The Chinese Government is reportedly considering sending a delegation to the funeral on Monday in Westminster Abbey but is is unclear whether President Xi Jinping will attend.
The Chinese leader is currently meeting Russian president Vladimir Putin at a summit in Uzbekistan.
Chinese vice-president Wang Qishan is expected to attend, the South China Morning Post reported, citing diplomatic sources.
In response to the letter from MPs and peers, Downing Street said: “First and foremost it is for the Palace on the invite list, this is inviting heads of state, world leaders to the funeral of Her Majesty so it is for them to set out the guest list.
“And as a convention those we have diplomatic relations with are invited in the main.”
The UN recently published an assessment of human rights concerns linked with the Xinjiang region of China, and concluded “serious” violations had been committed there linked to Beijing’s so-called counter-terror and counter-extremism policies.
As foreign secretary, and during her summer-long campaign to become Prime Minister, Liz Truss pushed for a hard line against the Chinese Government.
And earlier this month, Tory MP Tom Tugendhat – now security minister – urged the Government to look at banning the import of all cotton products produced in the Xinjiang region as a response to the country’s treatment of Uighur Muslims.
Mr Loughton said he was unsure whether the decision to invite China to the funeral was “a conspiracy or cock up”.
“I don’t know why this has happened,” he told BBC Radio 4’s World At One programme.

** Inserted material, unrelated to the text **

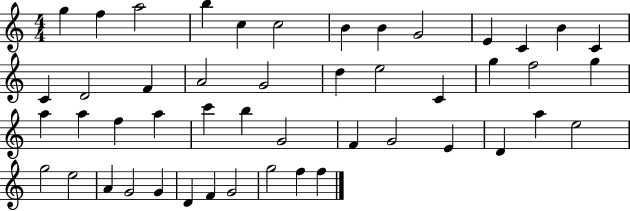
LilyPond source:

“I don’t know whether it’s a conspiracy or cock up. You cannot have a golden age, normal relations, with a country which has now been exposed as committing the sorts of atrocities that it has, not least the genocide against the Uighurs.”
Asked if he wanted the invite to be rescinded, he said: “Yes.”
In their letter, the parliamentarians say they have written to Foreign Secretary James Cleverly to express their concerns.
“It is also particularly inappropriate given that seven parliamentarians including ourselves remain sanctioned by the Chinese Government and you along with the Lords Speaker have quite rightly barred the Chinese Ambassador from attending the Palace of Westminster whilst these unjustified sanctions remain in place,” they write.
“It may well be as part of the arrangements for foreign dignitaries attending the state funeral that facilities at the Palace of Westminster will be made available to them before or after attending the service at Westminster Abbey.
“I am sure you will agree that it would be wholly inappropriate that any representative of the Chinese Government should be able to come to the Palace of Westminster and that you can give us your assurance that this will not happen.”
Invitations to the Queen’s state funeral have not been sent to Russia, Belarus or Myanmar while Iran will only be represented at an ambassadorial level, it is understood.
On the relationship between China and Russia, former national security adviser Sir Mark Lyall Grant said the countries are closer than they have ever been but there are “limits in their friendship”.
“China is, I think, worried by Russia’s expansionist sort of movement in the West, and is not going to offer, I don’t think, any material support to Putin in Ukraine,” he told the BBC’s World At One.
“Certainly there’s some political support, some rhetorical support, but nothing more than that so far.”